Defense funding allows RAND to be one of the most active and influential think tanks in America. RAND experts produce hundreds of reports a year and their analyses are widely considered amongst the most thorough and objective in the field. Their experts also regularly testify at US Congressional hearings to offer analysis on current issues and policy recommendations. During the 2014-2019 period we tracked, experts from RAND testified 129 times. Crucially, while each of these testimonies and the research behind them might be beyond reproach, nearly all share an implicit or explicit recommendation: more Pentagon spending.
We tracked $1.078 billion of funding donated by defense contractors and US government agencies to the top 50 think tanks in the US from 2014-2019. RAND received a staggering 95% of this total — or $1.029 billion.

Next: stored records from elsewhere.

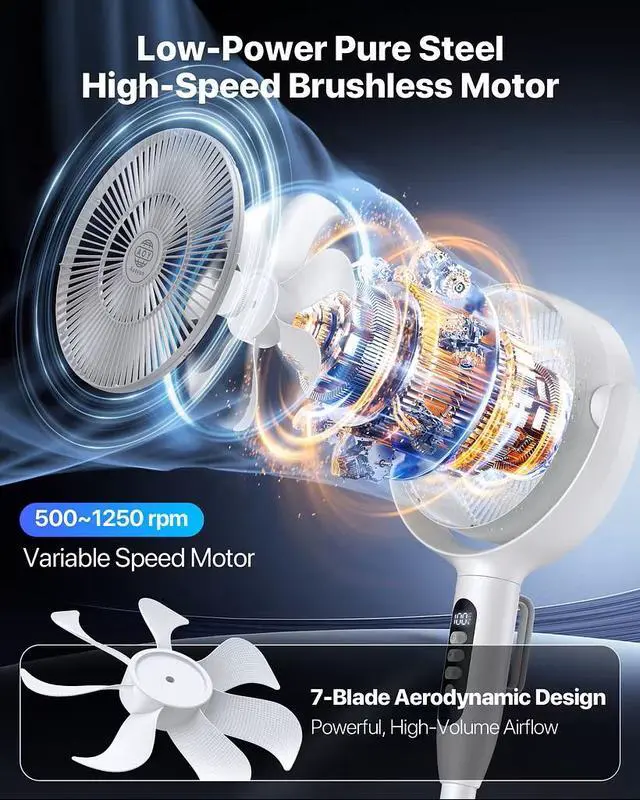 Alt view image 4 of 7 - Cordless Floor Fan, 12000mAh Rechargeable Pedestal Fan with Remote, 3D Oscillating Air Circulator, 8 Speeds Quiet DC Motor, Adjustable Height Desk Fan for Bedroom, Home, Office, Camping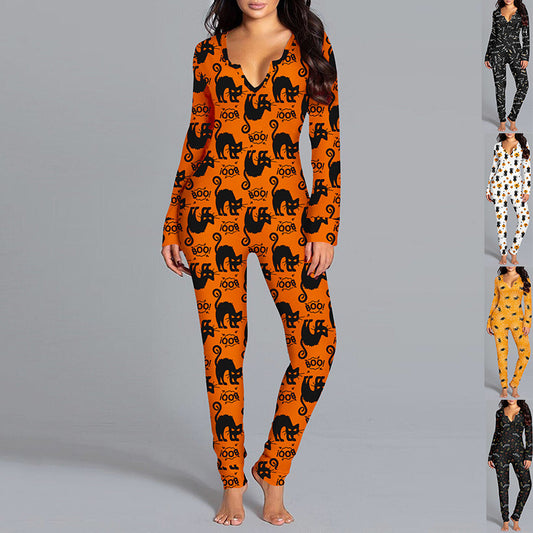 Halloween Jumpsuit Long Sleeve Women's Cos Clothing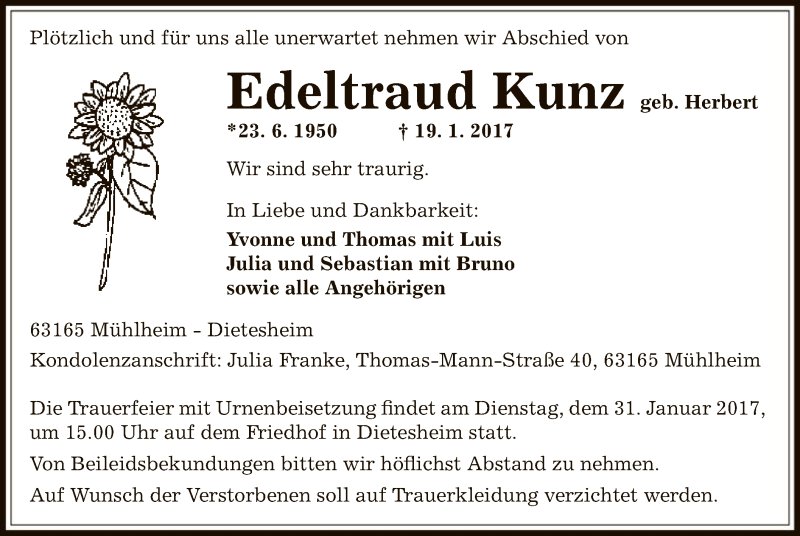  Traueranzeige für Edeltraud Kunz vom 21.01.2017 aus Offenbach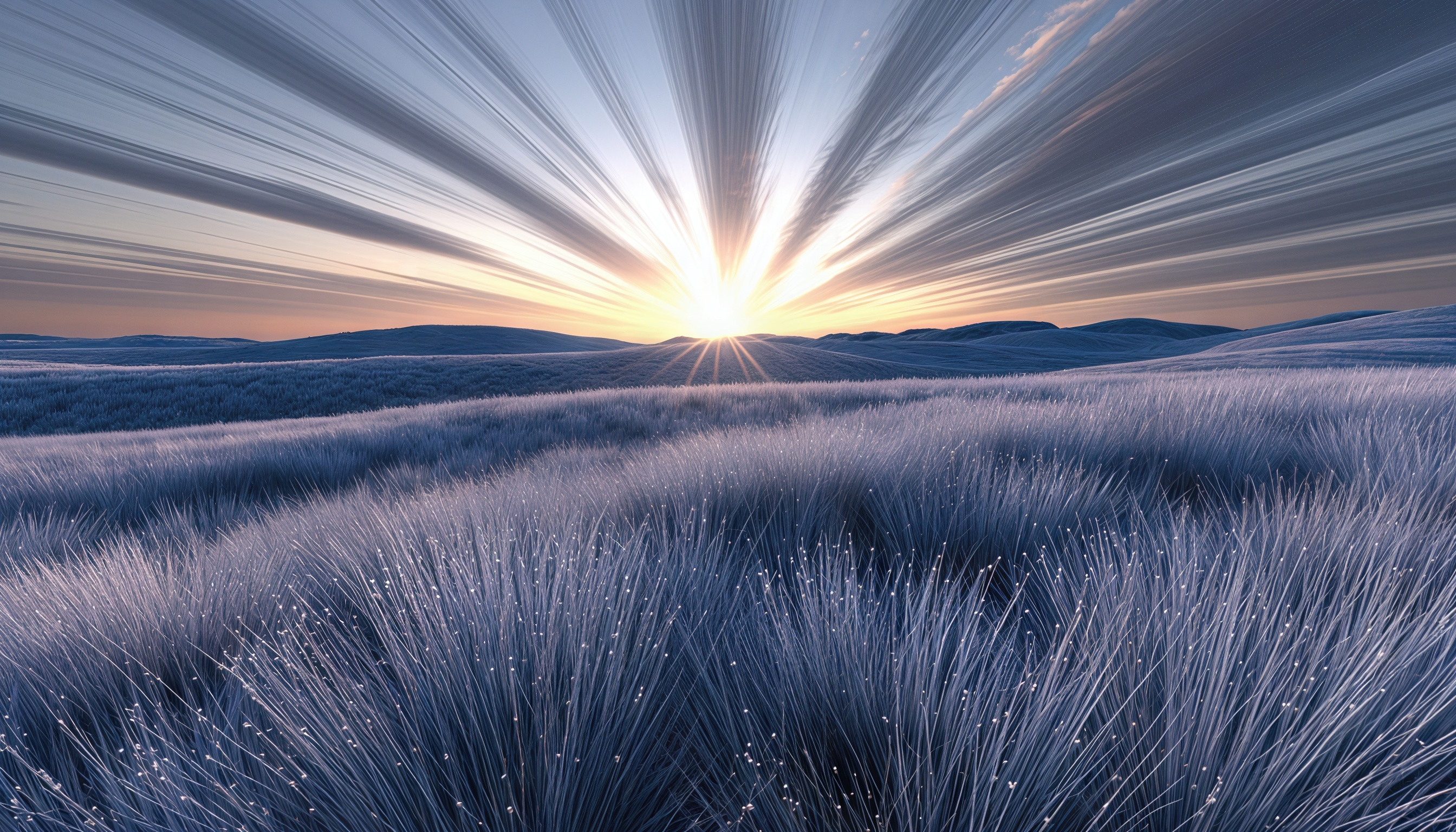 Free photo A silver field against a sunset with bright rays of the sun and traces of stars.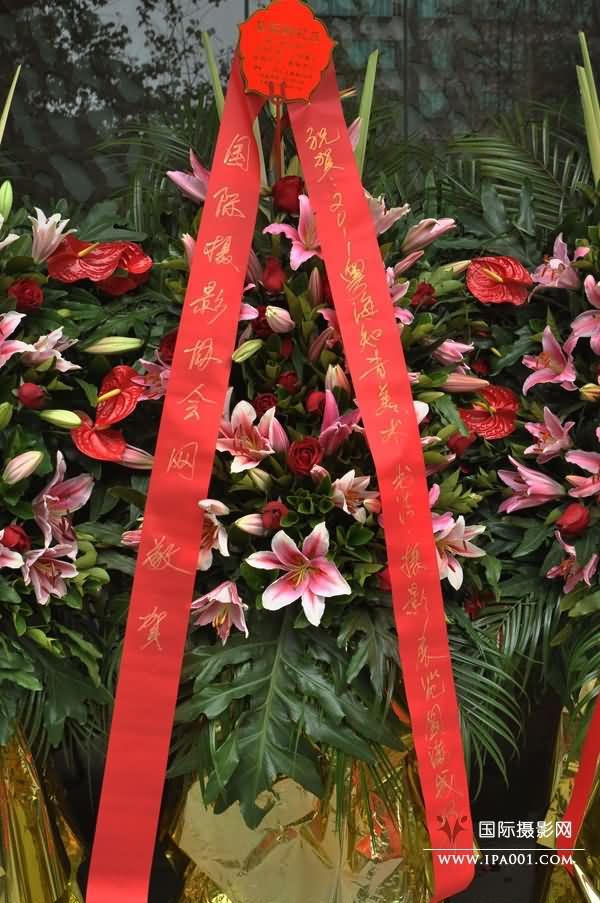 国际摄影网为展览赠送了花篮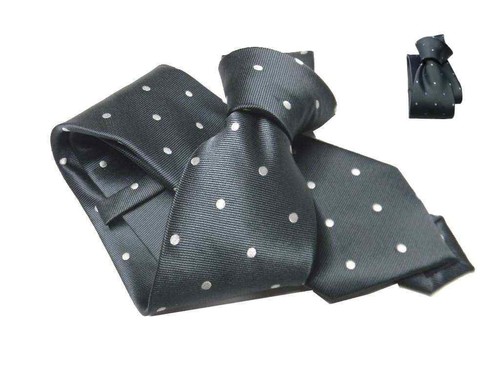 Cravatta grigia pois bianchi - cravatta,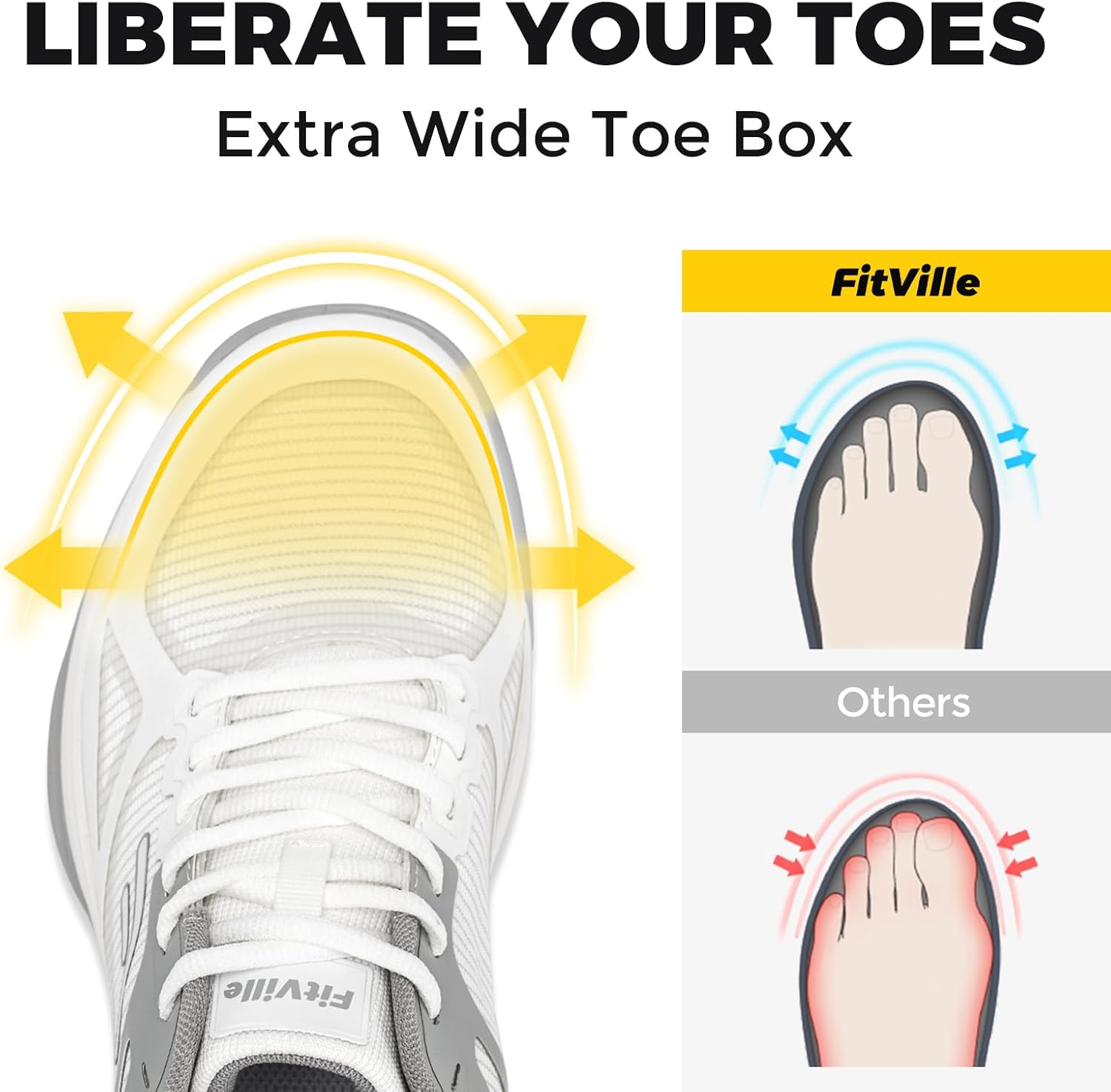 Кроссовки FitVille Extra Wide для мужчин для игры в пиклбол, теннисные кроссовки с поддержкой свода стопы, белый/серый — фото 2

Take the testimony on “Russia and China in the Middle East” presented to the House Foreign Affairs Committee by RAND’s International Security and Policy Center director. RAND’s scholar’s characterization of the existing international paradigm and policy recommendations complement the Pentagon’s National Defense Strategy, designed to maintain America’s world superpower status. Of the four recommendations she makes, preserving military dominance and building a dynamic economy through “frontier technologies” both have obvious links to the Pentagon budget. The Pentagon, for example, currently conducts significant research on “frontier technologies” through its Defense Advanced Research Projects Agency. Though the director warns of the consequences of military overreach, she still supports Pentagon spending not only by calling for military dominance, but also by encouraging less obvious streams of Pentagon spending like technology development.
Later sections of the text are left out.